コウモリのフンの掃除の仕方は3つの順番|まず糞の主を確かめます
ベランダの床に、黒い粒が並んで落ちている。
拭いても、数日でまた同じ場所に落ちる。
「コウモリのフンの掃除の仕方」を公的資料で探しました。結論から書くと、掃除の手順そのものを書いた資料は見つかりませんでした。
かわりに分かったのは、順番です。掃除の前にやることが2つあります。
- 掃除の手順を書いた公的資料は見つからなかった(当サイトが確認した範囲)
- 分かるのは順番。
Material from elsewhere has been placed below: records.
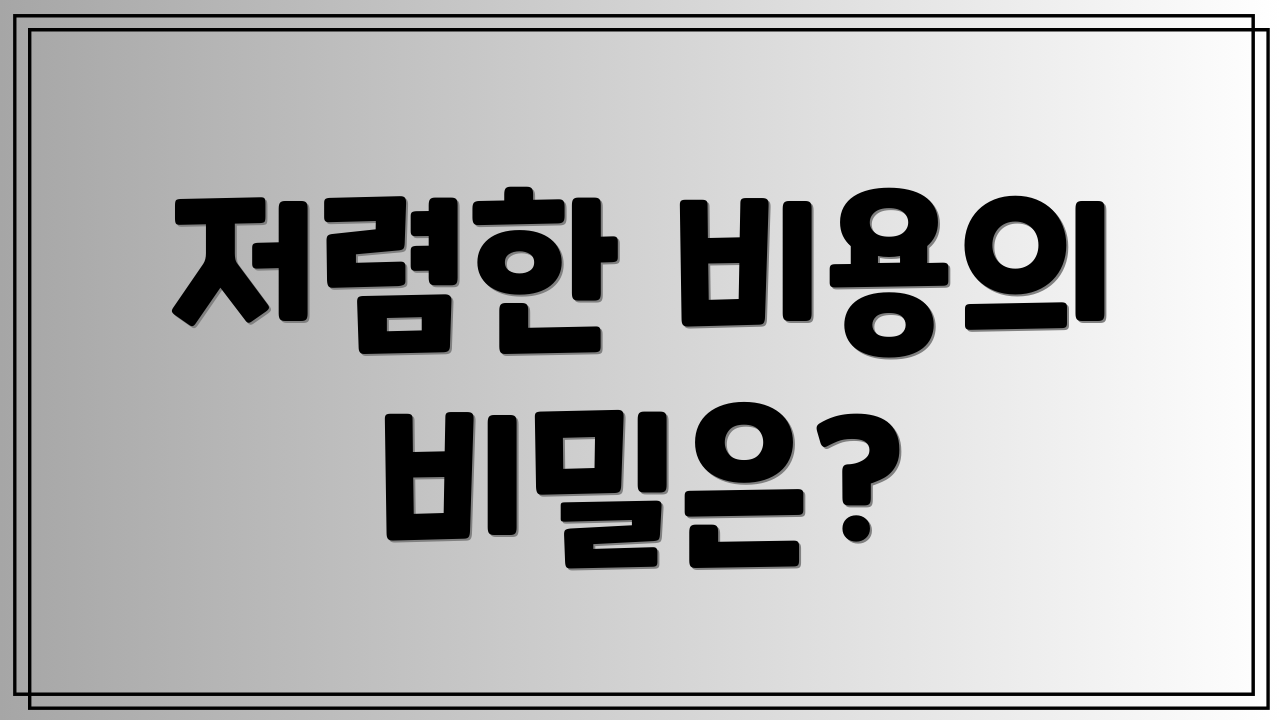 저렴한 비용의 비밀은?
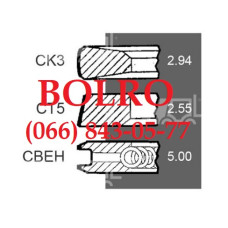 0001283401 ПОРШНЕВІ КІЛЬЦЯ Ø100*2.94*2,55*5MM МОТОРІВ DEUTZ F2L511 F2L511D F2L511W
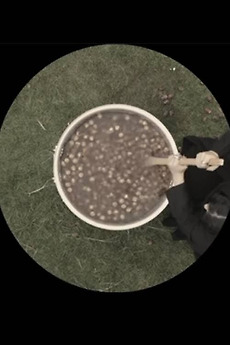 â ži Feel Connected Again 2023 Directed By Maram Alsulaiman â Film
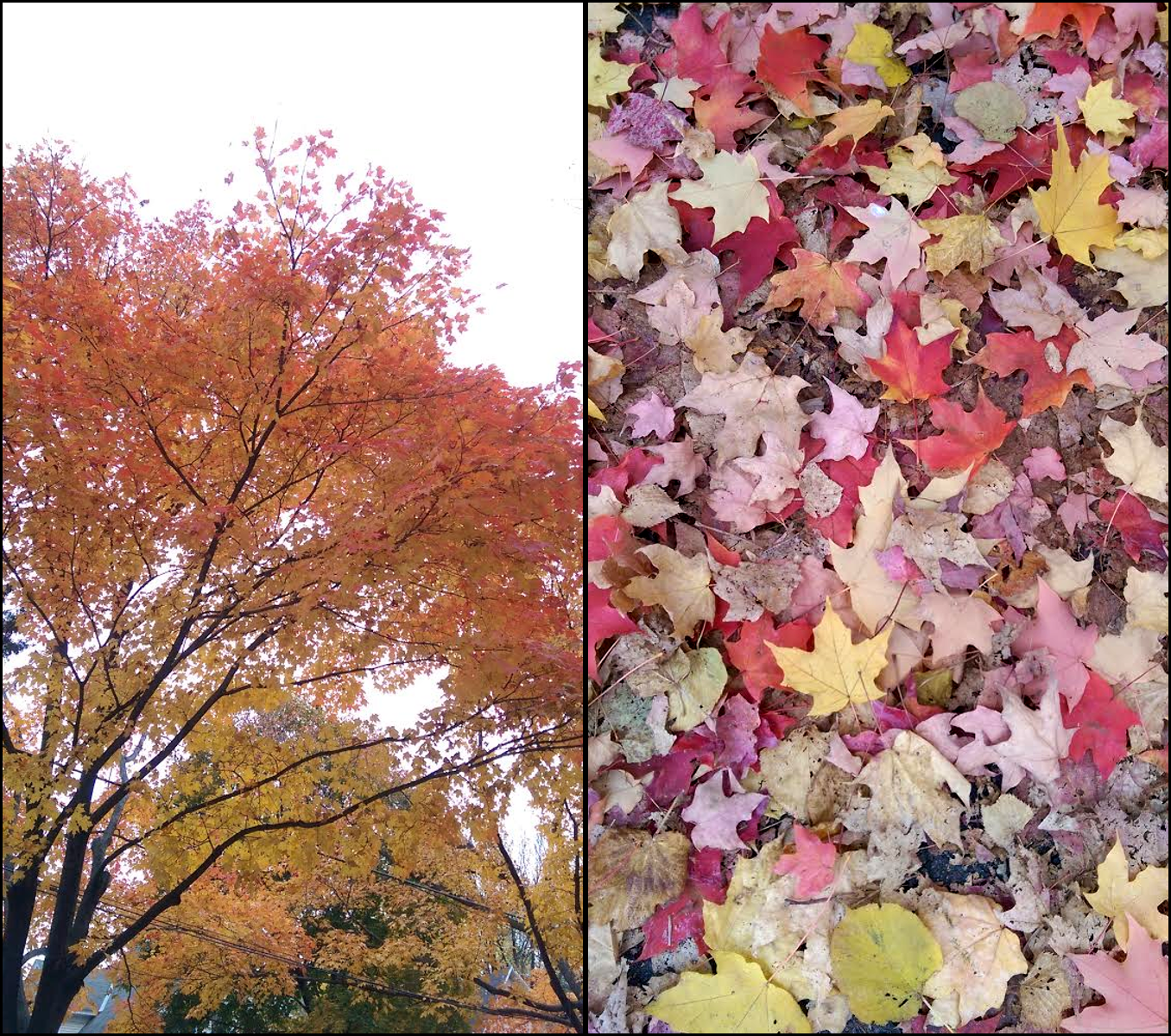 Projects and Updates, 2020-07-01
①糞の主を確かめる → ②追い出して塞ぐ → ③掃除する
- 京都市は「ネズミの糞と間違えた相談が多い」と書いている
- 掃除で気をつけるのは吸い込まないこと。厚労省は濡らすことと防塵マスクを挙げている

「拭いてもまた落ちている」という状態なら、掃除より先にやることが残っています。
先に、正直なところを書きます。
自治体や国の資料に、「コウモリのフンをこう掃除する」という手順は載っていませんでした。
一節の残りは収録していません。